Customizing Kubernetes Node Groups
Customizing Kubernetes Node Groups
Node groups are crucial in managing your Kubernetes clusters. By customizing node groups, you can ensure that your infrastructure scales correctly, cost-effectively, and aligns with your application needs.
1. Understanding Node Group Customization
What Does This Mean?
Node groups represent sets of identical nodes or VM instances in your Kubernetes cluster. Customizing them lets you adjust these sets based on factors like resources (CPU, memory), instance types, and more.
When Do You Need It?
Consider customizing node groups when:
- You require different machine types for different workloads.
- You want to assign specific roles or responsibilities to certain nodes.
- You're optimizing costs by matching instance types to workload requirements.
- You need to label nodes for specific workloads or configurations.
2. Requirements: Cluster Ejection Process
Before customizing node groups, you must eject the cluster, which essentially means obtaining the underlying templates used to create the cluster. This allows you to customize its settings and deploy the changes thru Zeet dashboard.
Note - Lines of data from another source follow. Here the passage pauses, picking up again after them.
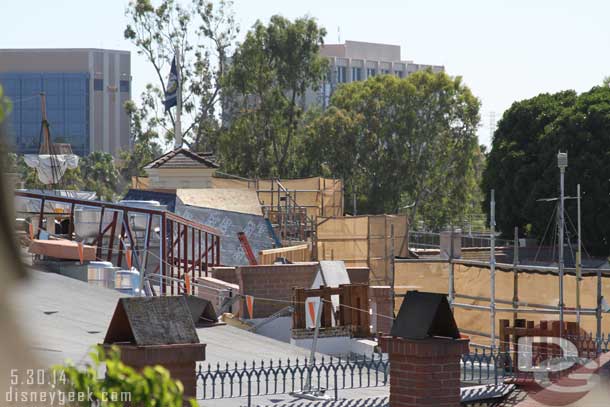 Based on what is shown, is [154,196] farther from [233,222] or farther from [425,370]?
[425,370]

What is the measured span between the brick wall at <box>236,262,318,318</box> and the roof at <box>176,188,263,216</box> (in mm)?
12018

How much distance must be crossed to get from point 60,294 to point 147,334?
716 centimetres

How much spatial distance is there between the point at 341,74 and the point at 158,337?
168 metres

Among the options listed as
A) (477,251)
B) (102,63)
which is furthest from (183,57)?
(102,63)

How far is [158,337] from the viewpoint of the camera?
8203mm

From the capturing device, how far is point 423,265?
22.6m

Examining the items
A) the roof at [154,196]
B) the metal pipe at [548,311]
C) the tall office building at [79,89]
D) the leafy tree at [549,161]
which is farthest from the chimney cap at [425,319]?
the tall office building at [79,89]

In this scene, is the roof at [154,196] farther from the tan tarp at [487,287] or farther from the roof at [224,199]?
the tan tarp at [487,287]

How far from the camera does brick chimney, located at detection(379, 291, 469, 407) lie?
368 inches

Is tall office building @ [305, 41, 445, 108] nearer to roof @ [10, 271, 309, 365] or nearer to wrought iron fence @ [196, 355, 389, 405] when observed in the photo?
roof @ [10, 271, 309, 365]

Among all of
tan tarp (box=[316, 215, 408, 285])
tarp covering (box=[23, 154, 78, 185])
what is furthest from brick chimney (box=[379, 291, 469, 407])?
tarp covering (box=[23, 154, 78, 185])

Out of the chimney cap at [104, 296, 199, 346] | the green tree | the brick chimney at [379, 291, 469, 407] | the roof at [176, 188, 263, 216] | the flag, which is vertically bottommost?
the brick chimney at [379, 291, 469, 407]

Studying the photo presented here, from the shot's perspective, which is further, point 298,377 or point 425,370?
point 298,377

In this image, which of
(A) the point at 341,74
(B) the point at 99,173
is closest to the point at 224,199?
(B) the point at 99,173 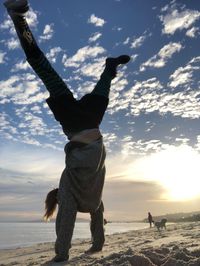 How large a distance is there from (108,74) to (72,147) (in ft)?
5.44

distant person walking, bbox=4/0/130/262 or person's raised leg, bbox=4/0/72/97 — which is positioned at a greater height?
person's raised leg, bbox=4/0/72/97

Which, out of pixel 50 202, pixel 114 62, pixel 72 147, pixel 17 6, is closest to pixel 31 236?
pixel 50 202

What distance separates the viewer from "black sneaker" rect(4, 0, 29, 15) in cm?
557

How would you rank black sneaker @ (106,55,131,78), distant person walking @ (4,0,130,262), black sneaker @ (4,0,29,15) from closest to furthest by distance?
black sneaker @ (4,0,29,15), distant person walking @ (4,0,130,262), black sneaker @ (106,55,131,78)

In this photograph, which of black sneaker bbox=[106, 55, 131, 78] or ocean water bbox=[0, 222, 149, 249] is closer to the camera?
black sneaker bbox=[106, 55, 131, 78]

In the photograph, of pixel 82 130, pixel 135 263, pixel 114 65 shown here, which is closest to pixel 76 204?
pixel 82 130

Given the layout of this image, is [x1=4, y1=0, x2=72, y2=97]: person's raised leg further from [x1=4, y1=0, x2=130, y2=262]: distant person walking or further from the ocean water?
the ocean water

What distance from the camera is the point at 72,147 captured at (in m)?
6.32

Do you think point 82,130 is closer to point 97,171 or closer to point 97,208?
point 97,171

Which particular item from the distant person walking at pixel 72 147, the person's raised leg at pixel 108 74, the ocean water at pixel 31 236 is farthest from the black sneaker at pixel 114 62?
the ocean water at pixel 31 236

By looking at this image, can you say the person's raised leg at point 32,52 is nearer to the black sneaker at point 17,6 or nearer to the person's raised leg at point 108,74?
the black sneaker at point 17,6

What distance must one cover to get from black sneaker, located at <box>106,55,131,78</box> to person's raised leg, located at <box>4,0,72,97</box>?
3.71 feet

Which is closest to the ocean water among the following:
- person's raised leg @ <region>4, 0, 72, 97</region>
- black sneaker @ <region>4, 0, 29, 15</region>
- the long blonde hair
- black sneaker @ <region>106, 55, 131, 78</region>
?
the long blonde hair

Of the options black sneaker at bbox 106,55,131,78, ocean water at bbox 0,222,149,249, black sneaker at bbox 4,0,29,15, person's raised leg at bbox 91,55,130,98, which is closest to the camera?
black sneaker at bbox 4,0,29,15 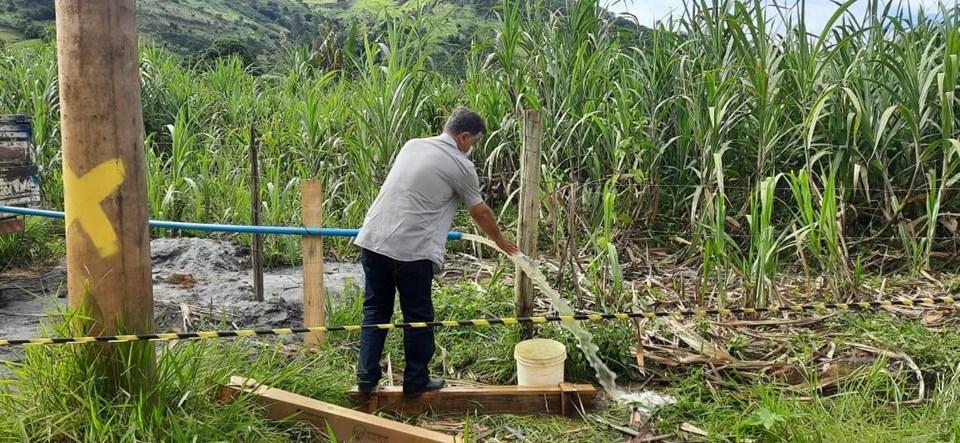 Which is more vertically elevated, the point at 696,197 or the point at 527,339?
the point at 696,197

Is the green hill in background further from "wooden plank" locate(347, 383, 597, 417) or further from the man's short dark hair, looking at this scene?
"wooden plank" locate(347, 383, 597, 417)

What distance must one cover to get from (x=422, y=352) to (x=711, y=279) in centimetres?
216

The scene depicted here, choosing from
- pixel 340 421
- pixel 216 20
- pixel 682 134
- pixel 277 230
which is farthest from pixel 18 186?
pixel 216 20

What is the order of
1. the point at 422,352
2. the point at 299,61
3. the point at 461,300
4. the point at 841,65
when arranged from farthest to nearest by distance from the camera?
the point at 299,61 < the point at 841,65 < the point at 461,300 < the point at 422,352

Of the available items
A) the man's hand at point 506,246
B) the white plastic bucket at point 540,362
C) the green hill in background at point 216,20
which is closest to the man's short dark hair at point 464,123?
the man's hand at point 506,246

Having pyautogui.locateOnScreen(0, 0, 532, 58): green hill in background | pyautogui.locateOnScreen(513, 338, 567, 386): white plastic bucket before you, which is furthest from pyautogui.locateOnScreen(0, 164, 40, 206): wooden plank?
pyautogui.locateOnScreen(0, 0, 532, 58): green hill in background

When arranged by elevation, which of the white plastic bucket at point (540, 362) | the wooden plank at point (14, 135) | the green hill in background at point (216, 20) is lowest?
the white plastic bucket at point (540, 362)

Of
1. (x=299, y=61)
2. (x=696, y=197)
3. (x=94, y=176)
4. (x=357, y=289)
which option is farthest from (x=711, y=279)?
(x=299, y=61)

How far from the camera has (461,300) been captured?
4.35m

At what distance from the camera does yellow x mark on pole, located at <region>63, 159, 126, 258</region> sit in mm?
2439

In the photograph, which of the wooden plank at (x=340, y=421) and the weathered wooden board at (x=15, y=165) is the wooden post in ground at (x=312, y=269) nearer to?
the wooden plank at (x=340, y=421)

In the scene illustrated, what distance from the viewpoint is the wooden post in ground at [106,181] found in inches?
93.7

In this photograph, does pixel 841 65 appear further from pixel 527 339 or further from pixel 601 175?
pixel 527 339

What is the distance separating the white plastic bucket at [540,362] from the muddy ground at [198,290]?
1362mm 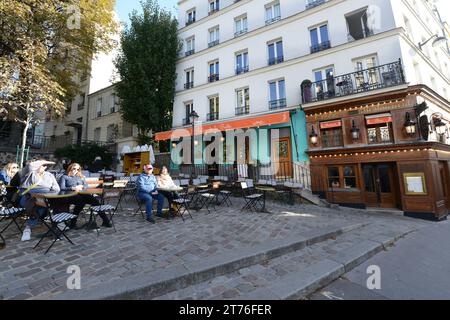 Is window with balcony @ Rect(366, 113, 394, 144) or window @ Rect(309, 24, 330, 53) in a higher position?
window @ Rect(309, 24, 330, 53)

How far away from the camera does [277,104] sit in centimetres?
1213

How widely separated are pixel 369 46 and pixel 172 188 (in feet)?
36.2

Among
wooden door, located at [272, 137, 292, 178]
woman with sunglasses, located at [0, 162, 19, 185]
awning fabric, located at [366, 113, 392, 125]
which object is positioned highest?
awning fabric, located at [366, 113, 392, 125]

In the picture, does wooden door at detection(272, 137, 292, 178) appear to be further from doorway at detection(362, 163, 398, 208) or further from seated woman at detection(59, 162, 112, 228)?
seated woman at detection(59, 162, 112, 228)

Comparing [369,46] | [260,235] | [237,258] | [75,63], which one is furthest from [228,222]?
[75,63]

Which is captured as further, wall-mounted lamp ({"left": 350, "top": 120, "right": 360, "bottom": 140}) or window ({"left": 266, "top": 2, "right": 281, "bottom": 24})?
window ({"left": 266, "top": 2, "right": 281, "bottom": 24})

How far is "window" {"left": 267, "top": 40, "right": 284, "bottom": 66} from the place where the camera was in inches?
496

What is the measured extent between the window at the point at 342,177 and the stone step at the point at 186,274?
6.38m

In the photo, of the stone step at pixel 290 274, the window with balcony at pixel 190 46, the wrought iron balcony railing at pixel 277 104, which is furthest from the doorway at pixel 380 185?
the window with balcony at pixel 190 46

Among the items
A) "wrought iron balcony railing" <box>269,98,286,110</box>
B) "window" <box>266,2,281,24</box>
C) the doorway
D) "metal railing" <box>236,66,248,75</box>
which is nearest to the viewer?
the doorway

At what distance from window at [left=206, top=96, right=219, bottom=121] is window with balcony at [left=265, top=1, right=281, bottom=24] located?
5.83 metres

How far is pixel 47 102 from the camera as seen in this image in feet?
34.9

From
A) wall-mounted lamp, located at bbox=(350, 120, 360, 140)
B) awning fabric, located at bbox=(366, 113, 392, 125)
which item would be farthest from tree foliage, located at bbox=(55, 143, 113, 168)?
awning fabric, located at bbox=(366, 113, 392, 125) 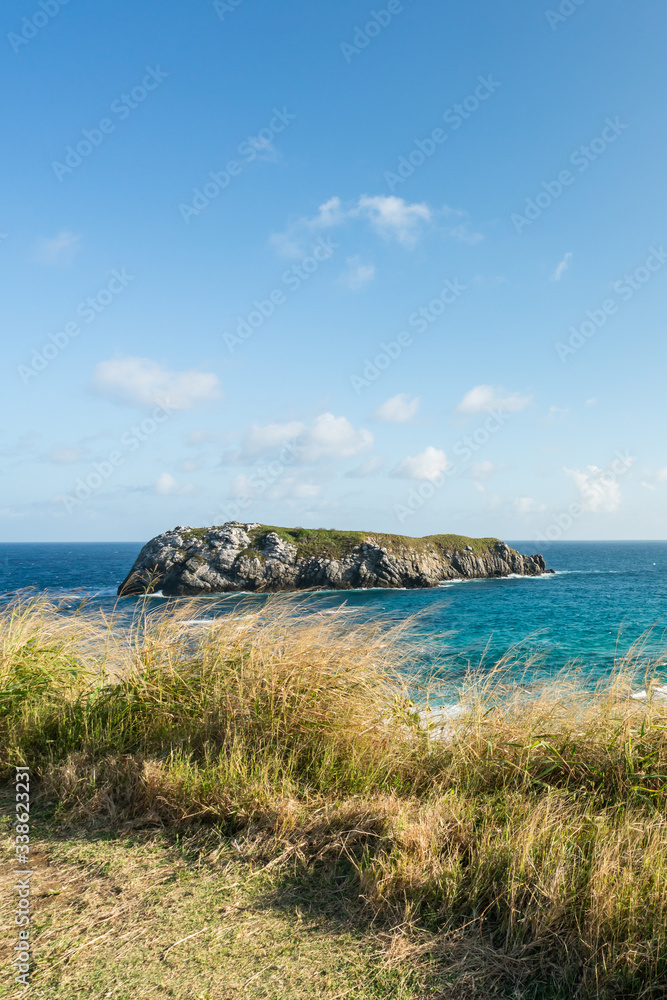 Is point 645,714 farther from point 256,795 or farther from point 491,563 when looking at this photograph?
point 491,563

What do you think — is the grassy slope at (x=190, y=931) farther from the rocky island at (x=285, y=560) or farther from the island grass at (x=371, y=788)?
the rocky island at (x=285, y=560)

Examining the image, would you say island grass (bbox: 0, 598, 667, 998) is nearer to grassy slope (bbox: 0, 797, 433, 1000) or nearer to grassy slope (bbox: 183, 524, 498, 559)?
grassy slope (bbox: 0, 797, 433, 1000)

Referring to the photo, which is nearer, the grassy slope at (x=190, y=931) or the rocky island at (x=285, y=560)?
the grassy slope at (x=190, y=931)

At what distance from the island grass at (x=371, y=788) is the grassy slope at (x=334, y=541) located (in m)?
49.7

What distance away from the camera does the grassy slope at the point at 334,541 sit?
56.9 metres

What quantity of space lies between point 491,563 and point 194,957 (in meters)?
71.3

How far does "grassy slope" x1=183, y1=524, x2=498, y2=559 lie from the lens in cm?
5688

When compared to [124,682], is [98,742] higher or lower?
lower

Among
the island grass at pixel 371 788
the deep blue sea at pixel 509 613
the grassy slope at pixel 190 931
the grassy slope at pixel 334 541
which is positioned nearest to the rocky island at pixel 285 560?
the grassy slope at pixel 334 541

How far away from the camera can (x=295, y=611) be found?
6.34 m

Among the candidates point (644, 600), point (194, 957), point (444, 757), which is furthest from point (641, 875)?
point (644, 600)

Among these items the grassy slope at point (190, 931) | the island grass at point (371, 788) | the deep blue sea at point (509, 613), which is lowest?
the deep blue sea at point (509, 613)

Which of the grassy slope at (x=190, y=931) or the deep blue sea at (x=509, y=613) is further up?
the grassy slope at (x=190, y=931)

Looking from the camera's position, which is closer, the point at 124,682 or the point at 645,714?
the point at 645,714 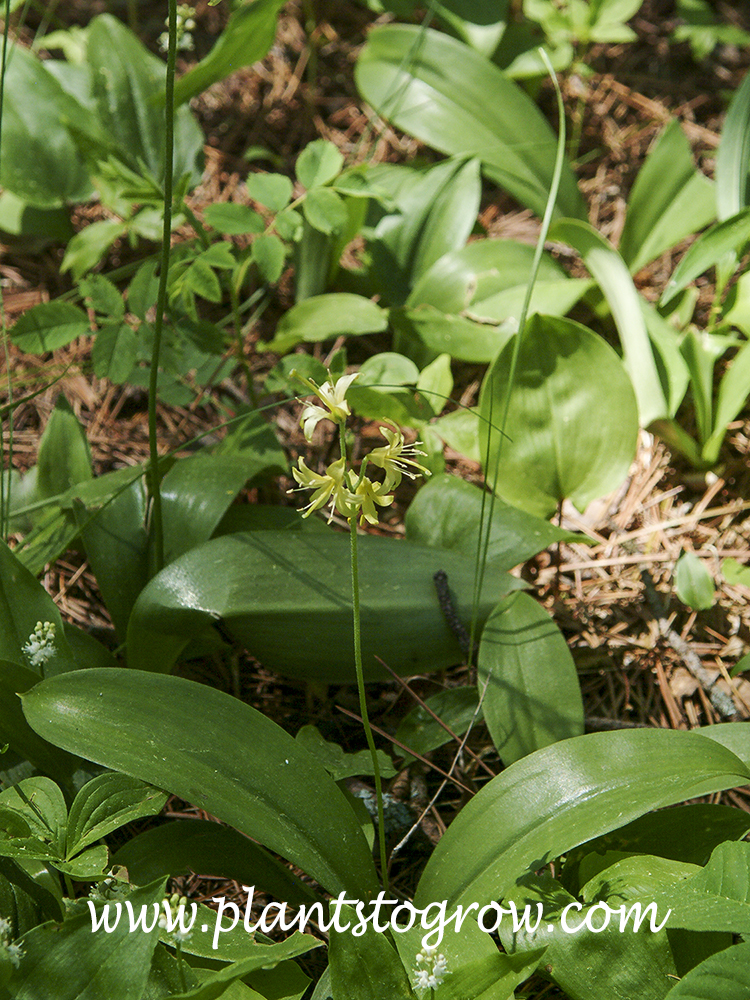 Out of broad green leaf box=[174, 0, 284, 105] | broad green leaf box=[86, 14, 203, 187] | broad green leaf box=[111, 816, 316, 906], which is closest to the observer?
broad green leaf box=[111, 816, 316, 906]

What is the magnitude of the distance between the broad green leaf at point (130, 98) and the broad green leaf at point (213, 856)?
161 cm

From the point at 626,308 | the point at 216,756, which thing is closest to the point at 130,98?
the point at 626,308

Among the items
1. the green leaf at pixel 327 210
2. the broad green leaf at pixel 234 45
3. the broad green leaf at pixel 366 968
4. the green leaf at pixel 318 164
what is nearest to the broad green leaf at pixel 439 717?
the broad green leaf at pixel 366 968

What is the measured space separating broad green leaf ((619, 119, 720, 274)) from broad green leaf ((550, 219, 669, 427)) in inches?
9.6

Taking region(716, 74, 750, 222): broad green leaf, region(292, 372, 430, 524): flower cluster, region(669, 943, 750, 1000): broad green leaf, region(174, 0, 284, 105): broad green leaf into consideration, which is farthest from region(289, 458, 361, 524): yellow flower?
region(716, 74, 750, 222): broad green leaf

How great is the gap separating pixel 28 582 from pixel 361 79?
5.45 ft

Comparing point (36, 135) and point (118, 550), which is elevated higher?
point (36, 135)

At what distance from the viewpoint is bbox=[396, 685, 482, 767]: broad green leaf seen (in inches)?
53.8

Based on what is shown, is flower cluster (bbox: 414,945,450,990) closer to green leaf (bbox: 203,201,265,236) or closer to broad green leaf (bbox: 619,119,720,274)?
green leaf (bbox: 203,201,265,236)

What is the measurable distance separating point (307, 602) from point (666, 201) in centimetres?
152

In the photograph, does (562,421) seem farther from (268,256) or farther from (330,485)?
(330,485)

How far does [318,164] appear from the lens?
1.65 m

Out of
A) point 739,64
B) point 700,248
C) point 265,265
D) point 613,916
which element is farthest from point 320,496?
point 739,64

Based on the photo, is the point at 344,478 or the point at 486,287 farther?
the point at 486,287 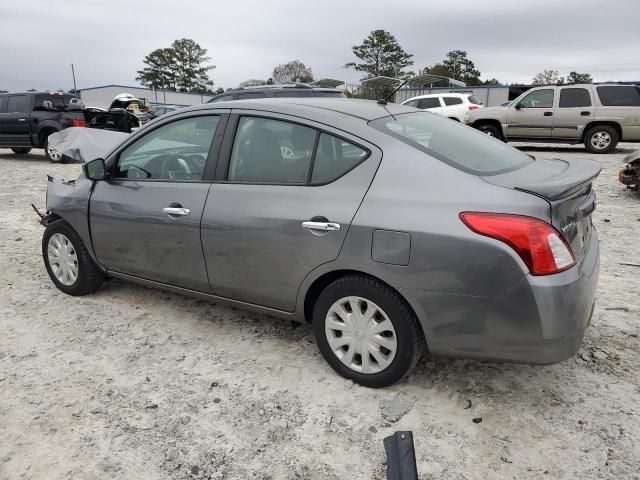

Refer to the Cluster Ejection Guide for a detailed walkthrough on this process.
3. Modifying the Ejected Template
Once you've ejected the cluster and have the template, you can add or modify node groups.
Example: Customizing an AWS Cluster Node Group
For an AWS cluster, you can find the template at the AWS Template Repository.
To add a new node group, such as an m6i
instance, here's an example:
worker_templates_cpu
...
"m6i-workers" : {
instance_types = ["m6i.xlarge"]
desired_size = 3
labels = {
"name": "your-value"
}
}
...
In the example above:
- instance_types: Defines the type of instances you want in this node group. In this case, we're using
m6i.xlarge
. - desired_size: Represents the number of nodes you want in this group. Here, we've specified
3
. - labels: You can assign Kubernetes labels to nodes in this group. For instance, labeling nodes can help in deploying specific workloads to them.
After modifying the template, apply your changes to update your cluster. Always review and test your modifications in a staging environment before applying them to production to avoid potential disruptions.